Geisel graduates need to understand all the pathophysiology and treatment of disease, and they need to know how to translate that knowledge into clinical care. But they also have to be able to update their knowledge and test hypotheses independently. We want to improve their ability not only to be exposed to facts and be exposed to clinical scenarios but to be able to hypothesize explanations to clinical problems and devise methods to answer questions.

The second piece is flexibility. It's important to recognize that there isn't just one type of graduate. You're going to have students who elect to do basic science plus clinical science. There will be students who do only clinical work. There will be students who teach. There will be students who do health-care delivery science. There will be people who do clinical trials. There are lots of different careers possible.

Whatever our graduates do, whether they're 100% clinician or 100% researcher, or some mix, they will be leaders and scholars. They'll be the ones who develop new knowledge, whether they teach it to somebody else or educate their patients or discover some new drug. So they need the skills to be leaders.

A neglected part of medical education everywhere is ethics and humanities. And so one vein of the curriculum redesign is going to be to work on professionalism and physician well-being and physician ethics, without which all the science is worthless.

Could you talk about the implementation of a master's program? Would every graduate end up with a master's degree?
Our goal is first to create a master's program that's available to a subset of students who choose it. It's elective, not mandatory. Eventually the master's program will become available to every medical student, and we expect it will be of such high quality that students will clamor to enroll.

Whatever our graduates do, they will be leaders and scholars.

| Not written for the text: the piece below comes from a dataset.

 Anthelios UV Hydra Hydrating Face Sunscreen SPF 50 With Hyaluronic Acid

How would you fit all this into four years?
That's the million-dollar question. I think it depends on how you think about medical knowledge. There is one model, and I think of this as the outdated model, that starts with a core set of facts and concepts that must be memorized, and as every year goes by the number of available related facts and concepts grows. With that model you get to a point where eventually there is too much to know, and adding in new components, such as a master's program, feels infeasible.

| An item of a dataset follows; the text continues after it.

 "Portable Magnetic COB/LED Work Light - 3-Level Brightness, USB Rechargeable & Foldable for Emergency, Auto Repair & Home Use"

Another way is to think about the set of skills, concepts, and knowledge that medical students have to have when they exit Dartmouth. There are some facts I have to know as a physician, but I look up something on the computer multiple times every day. You just can't memorize it all. So you have to teach students how to think and analyze and hypothesize, and to acquire facts when they need them. That's the shift. How do you fit a master's program? You move some of the extraneous facts out of the curriculum, and you build in high-value teaching.

Why did you get involved in the redesign effort?
I was a medical student not too long ago. I remember how hard it was to sit passively in a classroom and memorize things all day. The opportunity to change that is really enticing. Similarly, now my students show up idealistic and impassioned and ready to change the world and I watch them struggle with the challenges of medical school. Challenges are a good thing—medical school is hard, and it should be hard. That's appropriate. But under the name of being challenged, medical students have been stuffed with facts, pressed for time, and exposed to inconsistently professional role models. Some of them walk out well trained but perhaps with the sense that medical school could have prepared them better for their careers. I love the idea of watching them walk out of medical school still idealistic, still empowered, but so much more skillful than before.